- [Data extract]
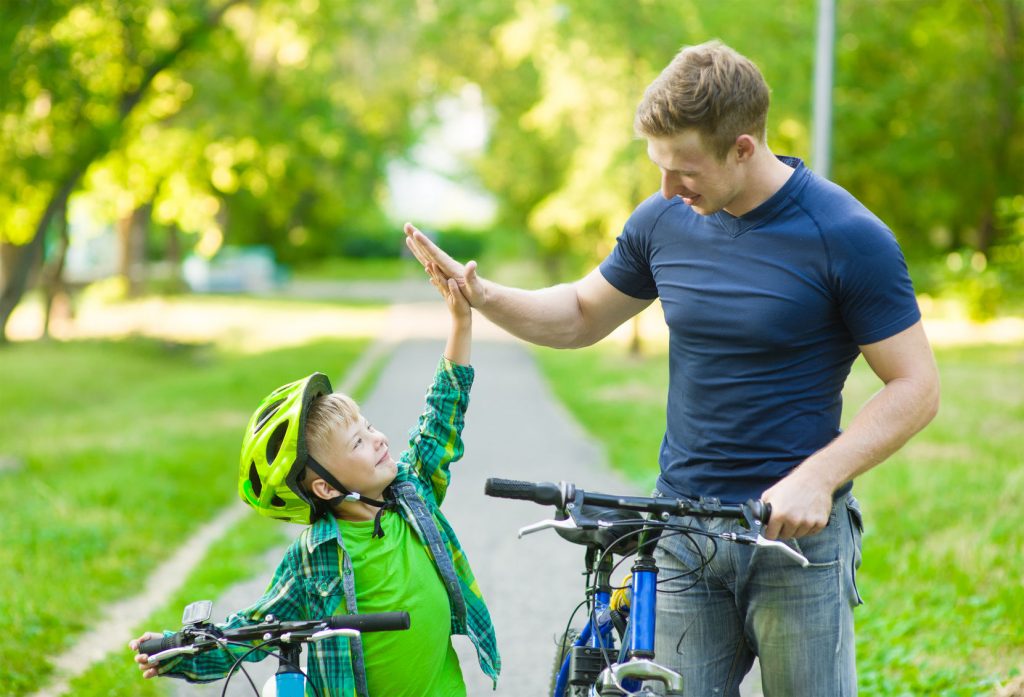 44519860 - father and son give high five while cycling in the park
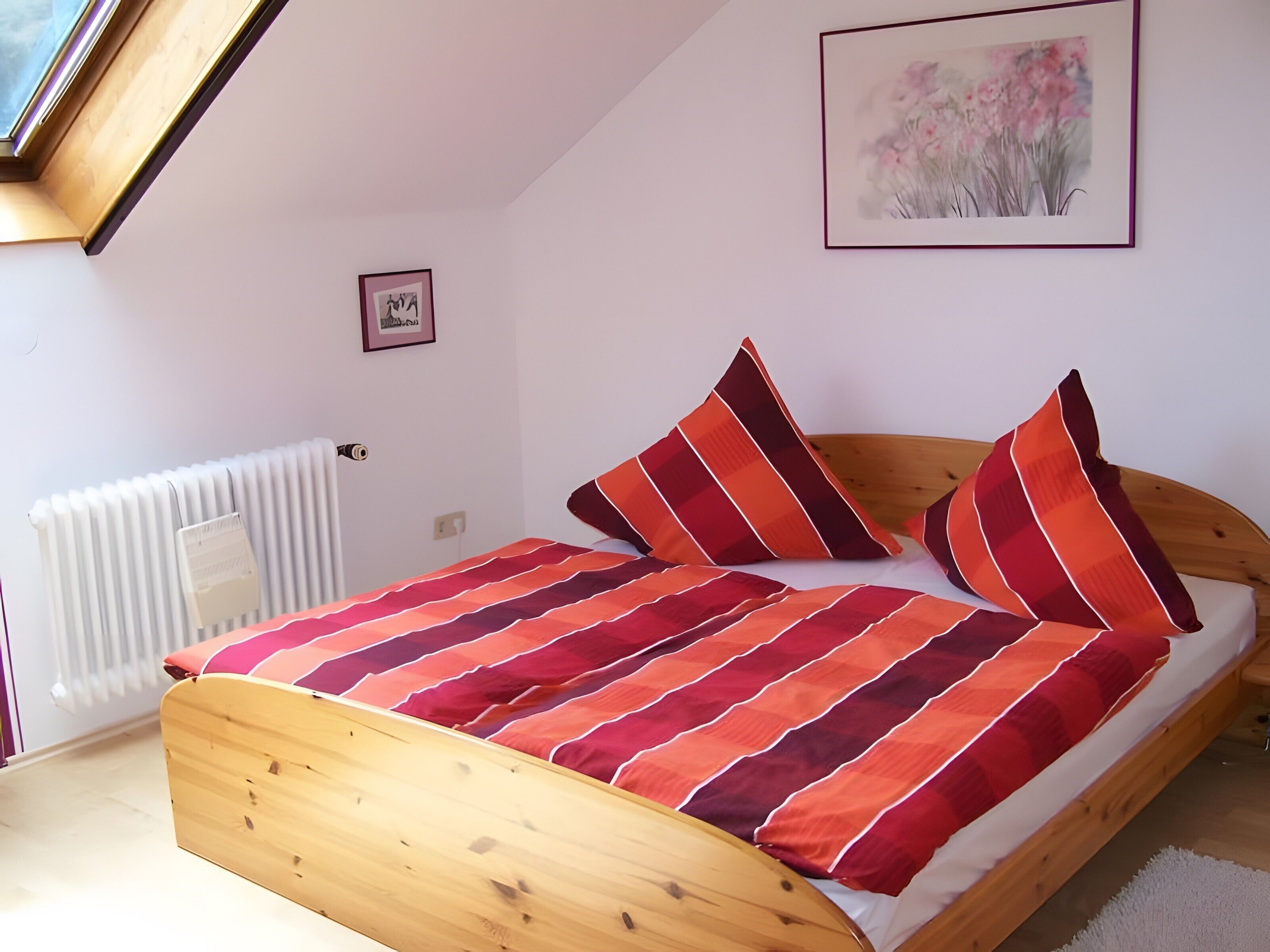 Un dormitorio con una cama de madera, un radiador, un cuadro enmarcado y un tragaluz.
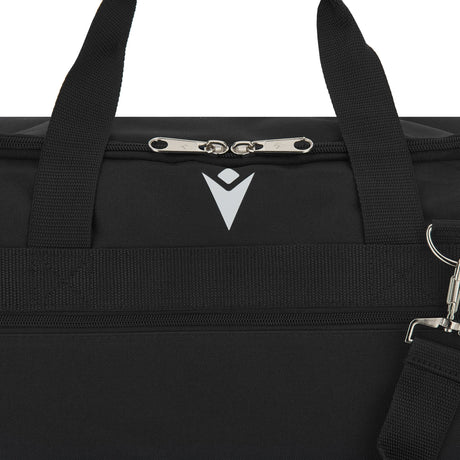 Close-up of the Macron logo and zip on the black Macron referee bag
---
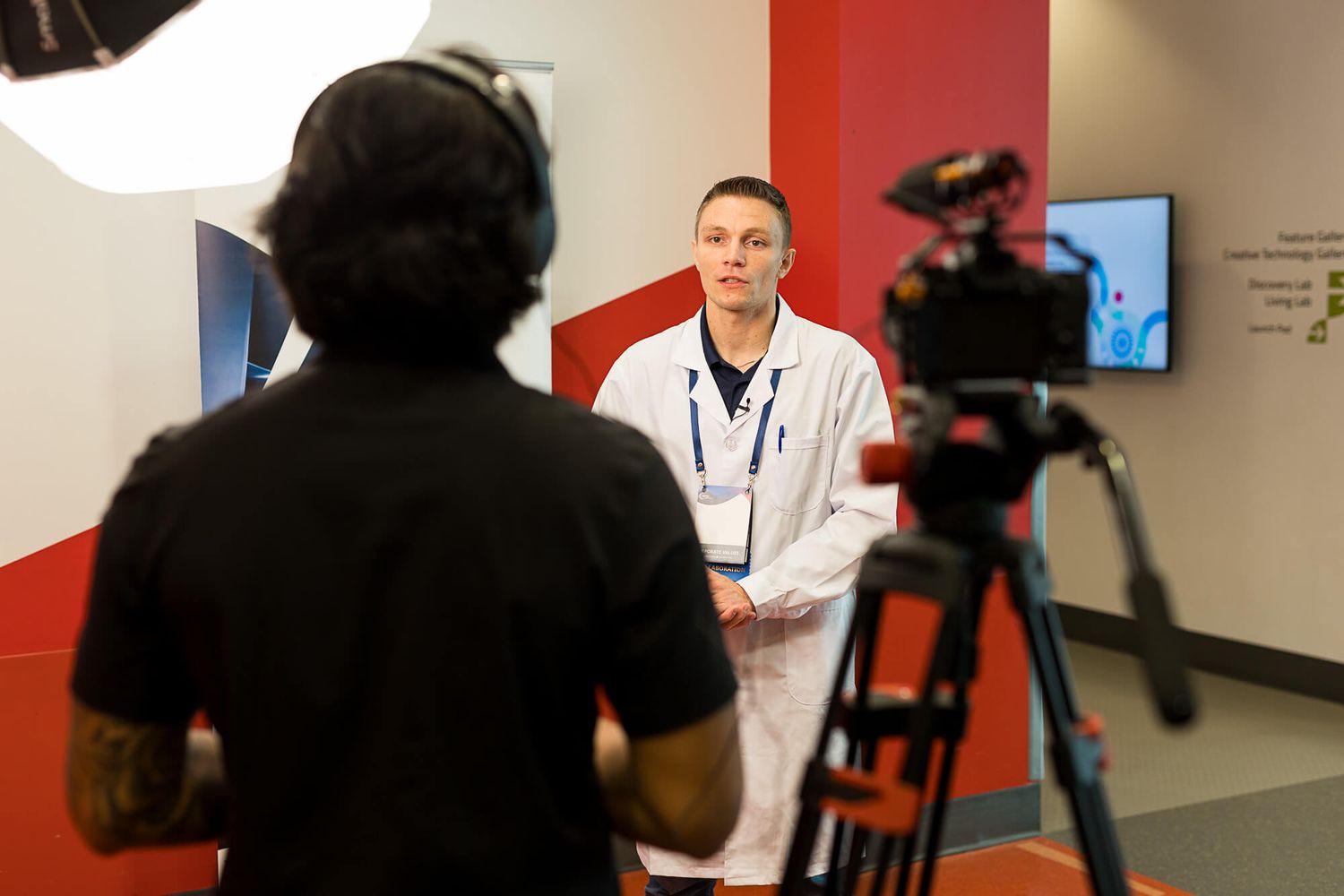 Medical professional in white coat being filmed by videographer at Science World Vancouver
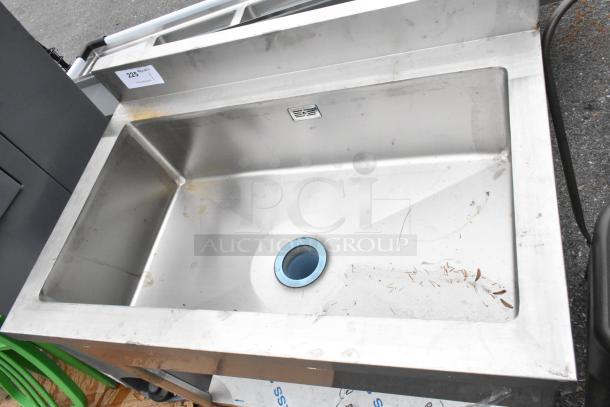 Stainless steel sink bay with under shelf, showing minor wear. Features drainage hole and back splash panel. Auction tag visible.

- [Problem] Go back to the listing above and reproduce, exactly, the stretch from the line bearing "44519860 - father" through the line bearing "Close-up of the", without its pictures.

- [Answer box]
 44519860 - father and son give high five while cycling in the park
 Un dormitorio con una cama de madera, un radiador, un cuadro enmarcado y un tragaluz.
 Close-up of the Macron logo and zip on the black Macron referee bag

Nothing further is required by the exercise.